> [SUPPLIED INFORMATION]
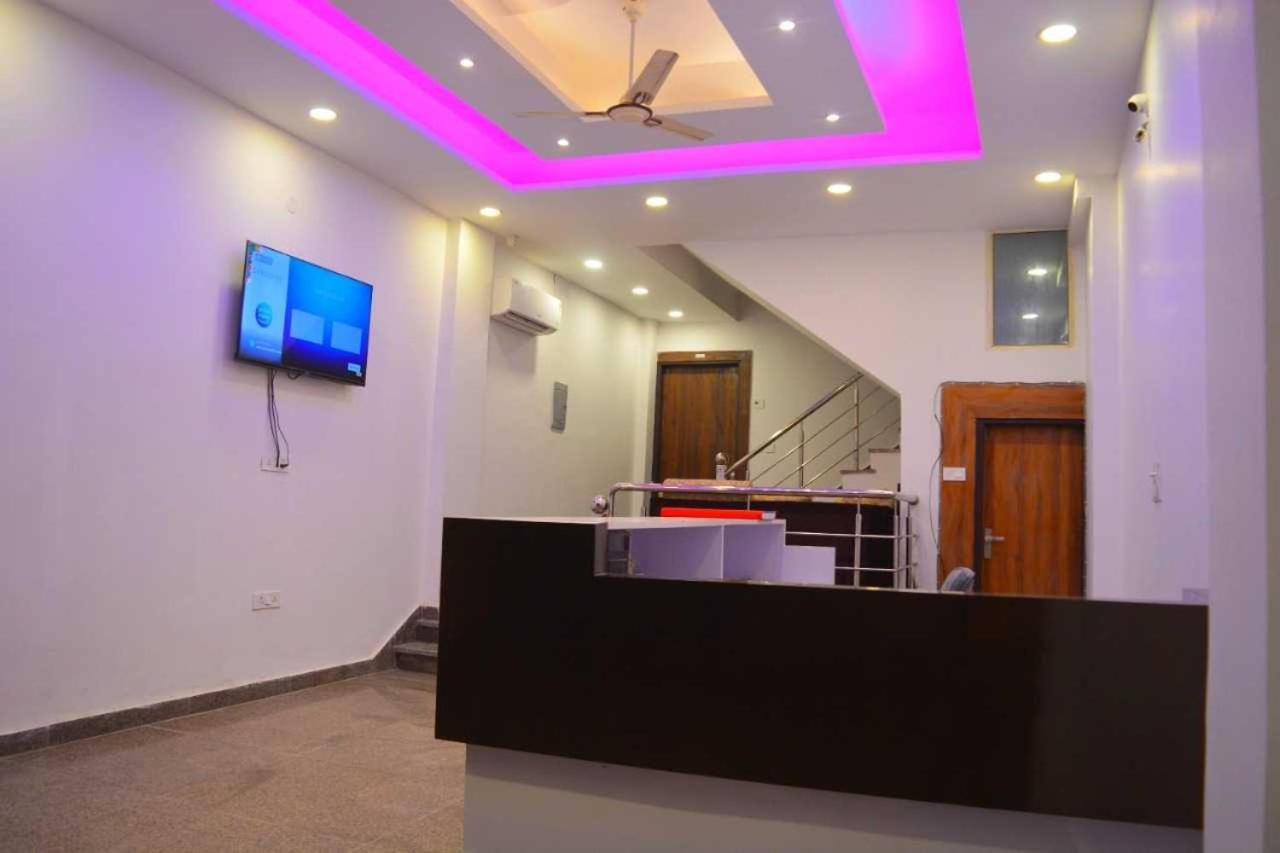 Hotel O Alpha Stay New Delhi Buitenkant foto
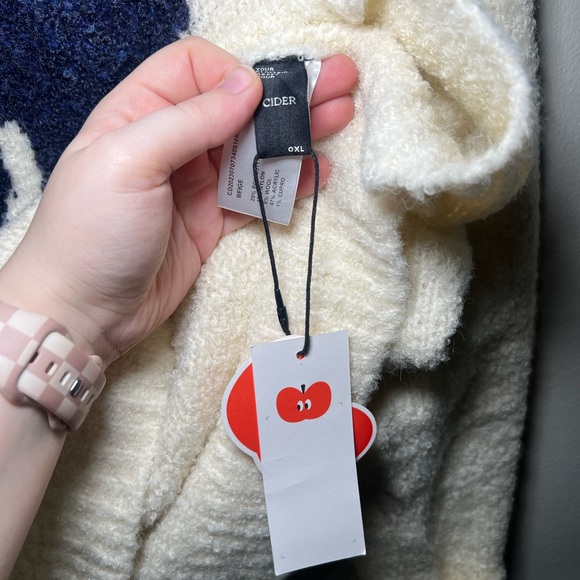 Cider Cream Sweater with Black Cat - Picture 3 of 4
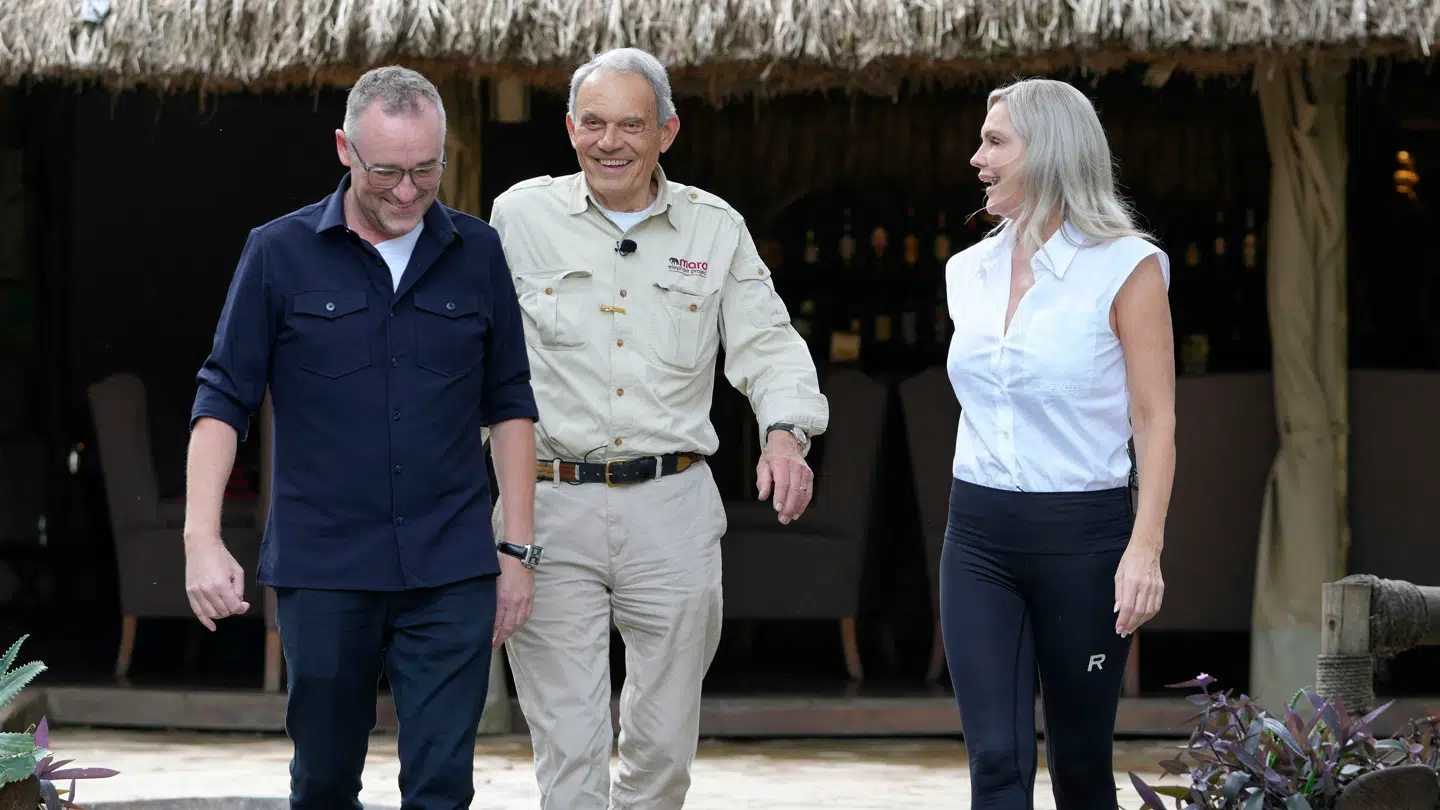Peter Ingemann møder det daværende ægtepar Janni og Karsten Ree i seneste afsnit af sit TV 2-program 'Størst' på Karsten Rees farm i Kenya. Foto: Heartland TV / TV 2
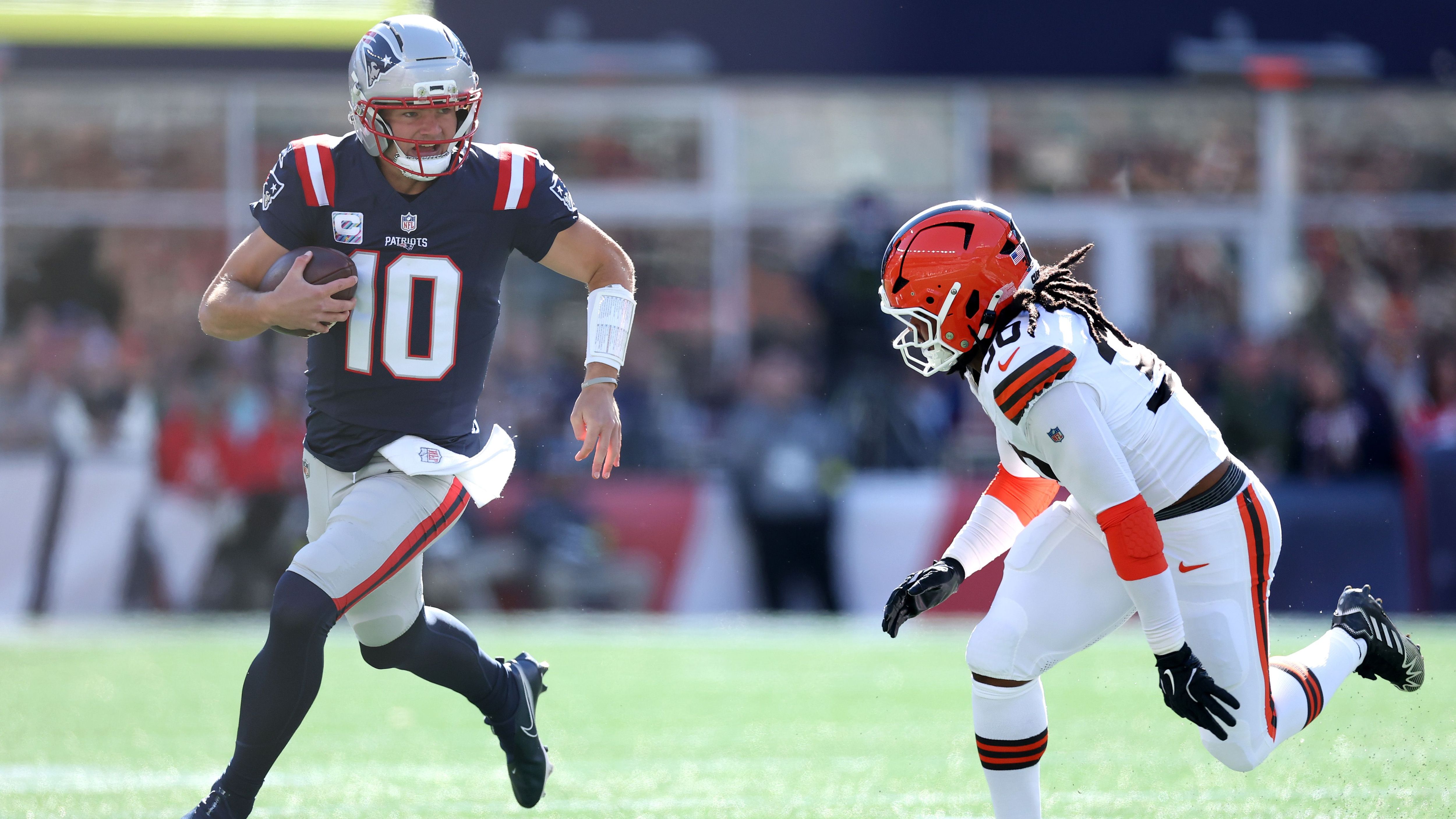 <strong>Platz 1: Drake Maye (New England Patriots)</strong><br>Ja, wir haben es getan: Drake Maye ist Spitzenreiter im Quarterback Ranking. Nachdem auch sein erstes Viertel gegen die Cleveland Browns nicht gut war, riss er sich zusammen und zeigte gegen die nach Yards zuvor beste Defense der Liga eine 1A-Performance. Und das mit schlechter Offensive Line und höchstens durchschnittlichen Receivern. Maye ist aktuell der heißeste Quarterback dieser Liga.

> [TASK REQUIREMENTS]
In the data above, take the line with "Cider Cream Sweater", the line with "Peter Ingemann møder", and every line between, and set them down exactly without pictures.

> [THE COMPLETED TASK]
 Cider Cream Sweater with Black Cat - Picture 3 of 4
Peter Ingemann møder det daværende ægtepar Janni og Karsten Ree i seneste afsnit af sit TV 2-program 'Størst' på Karsten Rees farm i Kenya. Foto: Heartland TV / TV 2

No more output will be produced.